| Exercise goal |
In the data that follows, find each line containing "crocodile" and copy it.

(Saved entries)
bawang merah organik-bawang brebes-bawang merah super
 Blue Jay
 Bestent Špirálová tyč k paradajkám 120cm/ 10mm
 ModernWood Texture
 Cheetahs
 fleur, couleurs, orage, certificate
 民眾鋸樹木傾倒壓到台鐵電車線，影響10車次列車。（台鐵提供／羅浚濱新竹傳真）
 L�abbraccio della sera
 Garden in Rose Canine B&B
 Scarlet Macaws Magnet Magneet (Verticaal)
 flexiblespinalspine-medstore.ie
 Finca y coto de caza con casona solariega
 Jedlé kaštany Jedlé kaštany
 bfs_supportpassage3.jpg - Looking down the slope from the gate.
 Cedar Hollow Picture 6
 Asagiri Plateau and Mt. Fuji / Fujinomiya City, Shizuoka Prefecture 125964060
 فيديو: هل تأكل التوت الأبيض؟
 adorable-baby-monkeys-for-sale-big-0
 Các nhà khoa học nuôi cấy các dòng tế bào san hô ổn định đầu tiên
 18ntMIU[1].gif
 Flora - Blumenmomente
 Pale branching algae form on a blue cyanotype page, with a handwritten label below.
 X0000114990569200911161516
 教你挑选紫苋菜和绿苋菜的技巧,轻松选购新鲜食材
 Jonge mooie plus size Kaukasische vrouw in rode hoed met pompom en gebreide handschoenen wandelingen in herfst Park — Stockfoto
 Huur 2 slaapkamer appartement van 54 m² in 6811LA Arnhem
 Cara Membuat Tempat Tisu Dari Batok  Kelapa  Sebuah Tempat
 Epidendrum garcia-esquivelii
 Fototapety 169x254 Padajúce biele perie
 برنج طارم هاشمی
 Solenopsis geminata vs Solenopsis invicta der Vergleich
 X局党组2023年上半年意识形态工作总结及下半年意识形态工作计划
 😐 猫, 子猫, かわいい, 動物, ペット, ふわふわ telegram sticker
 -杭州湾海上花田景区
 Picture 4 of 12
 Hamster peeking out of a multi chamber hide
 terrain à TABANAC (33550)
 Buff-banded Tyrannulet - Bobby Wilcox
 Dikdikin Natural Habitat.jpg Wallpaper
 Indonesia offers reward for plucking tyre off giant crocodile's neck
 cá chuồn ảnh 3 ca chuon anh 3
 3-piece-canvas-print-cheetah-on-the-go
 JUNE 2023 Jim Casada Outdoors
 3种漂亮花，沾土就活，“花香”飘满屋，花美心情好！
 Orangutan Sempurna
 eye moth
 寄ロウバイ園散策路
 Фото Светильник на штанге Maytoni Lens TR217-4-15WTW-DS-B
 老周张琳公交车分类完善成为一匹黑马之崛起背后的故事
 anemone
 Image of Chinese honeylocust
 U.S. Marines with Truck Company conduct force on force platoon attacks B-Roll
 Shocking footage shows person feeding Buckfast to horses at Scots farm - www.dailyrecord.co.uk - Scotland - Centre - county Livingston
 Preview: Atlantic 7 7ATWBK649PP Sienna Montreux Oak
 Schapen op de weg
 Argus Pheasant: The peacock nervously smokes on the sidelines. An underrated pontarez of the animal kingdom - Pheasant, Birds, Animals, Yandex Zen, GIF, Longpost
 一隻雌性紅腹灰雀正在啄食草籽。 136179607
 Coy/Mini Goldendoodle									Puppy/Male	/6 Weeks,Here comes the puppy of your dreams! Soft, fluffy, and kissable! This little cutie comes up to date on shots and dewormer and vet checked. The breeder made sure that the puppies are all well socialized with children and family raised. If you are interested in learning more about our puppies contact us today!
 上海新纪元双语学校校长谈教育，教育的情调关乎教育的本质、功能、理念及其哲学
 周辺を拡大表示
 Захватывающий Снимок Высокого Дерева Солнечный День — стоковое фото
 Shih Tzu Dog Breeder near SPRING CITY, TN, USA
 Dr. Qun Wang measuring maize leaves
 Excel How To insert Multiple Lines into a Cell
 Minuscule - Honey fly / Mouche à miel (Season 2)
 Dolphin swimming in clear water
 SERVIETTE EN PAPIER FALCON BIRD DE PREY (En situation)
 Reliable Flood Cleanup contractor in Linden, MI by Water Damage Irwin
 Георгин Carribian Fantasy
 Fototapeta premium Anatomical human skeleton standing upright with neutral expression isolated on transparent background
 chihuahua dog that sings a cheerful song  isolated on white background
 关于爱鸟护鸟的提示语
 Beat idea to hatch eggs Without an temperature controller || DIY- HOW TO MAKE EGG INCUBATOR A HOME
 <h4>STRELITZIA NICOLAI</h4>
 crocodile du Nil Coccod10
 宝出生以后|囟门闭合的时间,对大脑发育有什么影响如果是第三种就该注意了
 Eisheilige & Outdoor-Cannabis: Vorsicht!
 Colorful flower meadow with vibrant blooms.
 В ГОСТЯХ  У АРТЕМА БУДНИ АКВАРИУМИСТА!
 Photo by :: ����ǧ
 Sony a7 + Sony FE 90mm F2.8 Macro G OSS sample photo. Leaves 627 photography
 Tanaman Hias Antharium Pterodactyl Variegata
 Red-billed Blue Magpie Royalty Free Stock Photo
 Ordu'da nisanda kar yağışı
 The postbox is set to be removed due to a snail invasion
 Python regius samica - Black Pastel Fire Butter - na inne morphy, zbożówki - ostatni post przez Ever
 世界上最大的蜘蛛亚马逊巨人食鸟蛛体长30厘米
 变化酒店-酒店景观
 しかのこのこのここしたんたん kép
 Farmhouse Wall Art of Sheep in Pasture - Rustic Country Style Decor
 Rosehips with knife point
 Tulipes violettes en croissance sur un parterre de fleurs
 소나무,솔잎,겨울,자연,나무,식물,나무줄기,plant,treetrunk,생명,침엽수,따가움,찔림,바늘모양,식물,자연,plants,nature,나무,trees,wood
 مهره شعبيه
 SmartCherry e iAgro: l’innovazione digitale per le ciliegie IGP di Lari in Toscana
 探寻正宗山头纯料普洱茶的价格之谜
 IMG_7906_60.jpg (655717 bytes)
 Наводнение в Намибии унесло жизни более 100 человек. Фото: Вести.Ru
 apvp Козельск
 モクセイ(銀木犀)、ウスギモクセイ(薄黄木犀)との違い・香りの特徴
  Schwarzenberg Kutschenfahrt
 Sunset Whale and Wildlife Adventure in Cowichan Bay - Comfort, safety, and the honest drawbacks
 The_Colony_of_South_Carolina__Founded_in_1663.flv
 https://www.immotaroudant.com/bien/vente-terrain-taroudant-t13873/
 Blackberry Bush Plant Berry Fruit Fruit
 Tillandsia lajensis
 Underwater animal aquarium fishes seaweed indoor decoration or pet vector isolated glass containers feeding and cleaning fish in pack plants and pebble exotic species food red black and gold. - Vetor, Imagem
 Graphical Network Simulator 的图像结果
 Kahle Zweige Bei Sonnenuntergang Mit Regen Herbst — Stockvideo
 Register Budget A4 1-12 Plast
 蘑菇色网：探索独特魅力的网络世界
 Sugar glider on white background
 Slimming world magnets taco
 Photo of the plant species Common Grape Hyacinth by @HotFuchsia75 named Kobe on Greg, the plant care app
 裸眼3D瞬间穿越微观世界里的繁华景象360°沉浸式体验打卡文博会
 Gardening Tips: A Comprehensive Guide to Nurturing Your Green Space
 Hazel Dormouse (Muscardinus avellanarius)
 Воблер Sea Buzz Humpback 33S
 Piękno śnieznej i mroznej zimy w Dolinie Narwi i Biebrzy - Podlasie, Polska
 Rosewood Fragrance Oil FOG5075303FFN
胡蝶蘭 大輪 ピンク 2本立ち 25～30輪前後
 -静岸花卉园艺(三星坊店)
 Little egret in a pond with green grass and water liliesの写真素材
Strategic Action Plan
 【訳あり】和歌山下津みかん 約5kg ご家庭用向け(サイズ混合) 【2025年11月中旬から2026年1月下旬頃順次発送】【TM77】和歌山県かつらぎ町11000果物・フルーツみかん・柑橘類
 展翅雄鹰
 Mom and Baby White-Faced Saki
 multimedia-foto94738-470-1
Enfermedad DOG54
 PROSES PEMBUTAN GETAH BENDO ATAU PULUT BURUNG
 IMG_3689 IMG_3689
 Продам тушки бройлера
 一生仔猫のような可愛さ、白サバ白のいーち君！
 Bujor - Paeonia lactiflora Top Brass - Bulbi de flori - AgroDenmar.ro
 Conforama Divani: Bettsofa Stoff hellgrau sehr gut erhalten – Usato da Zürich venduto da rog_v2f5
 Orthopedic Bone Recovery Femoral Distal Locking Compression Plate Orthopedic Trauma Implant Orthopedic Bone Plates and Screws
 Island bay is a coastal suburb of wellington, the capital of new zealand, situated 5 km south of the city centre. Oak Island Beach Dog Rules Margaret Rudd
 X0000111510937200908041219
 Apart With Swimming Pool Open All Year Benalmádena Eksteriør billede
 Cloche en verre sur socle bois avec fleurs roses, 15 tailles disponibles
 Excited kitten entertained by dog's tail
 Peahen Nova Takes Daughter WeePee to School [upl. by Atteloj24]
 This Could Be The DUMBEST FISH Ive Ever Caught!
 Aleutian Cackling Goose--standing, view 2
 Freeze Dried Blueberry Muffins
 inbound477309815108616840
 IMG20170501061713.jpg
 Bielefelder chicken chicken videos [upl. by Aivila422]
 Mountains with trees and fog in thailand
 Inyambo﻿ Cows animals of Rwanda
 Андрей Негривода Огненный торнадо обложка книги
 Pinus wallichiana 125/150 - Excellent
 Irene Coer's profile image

| Task solution |
 Indonesia offers reward for plucking tyre off giant crocodile's neck
 crocodile du Nil Coccod10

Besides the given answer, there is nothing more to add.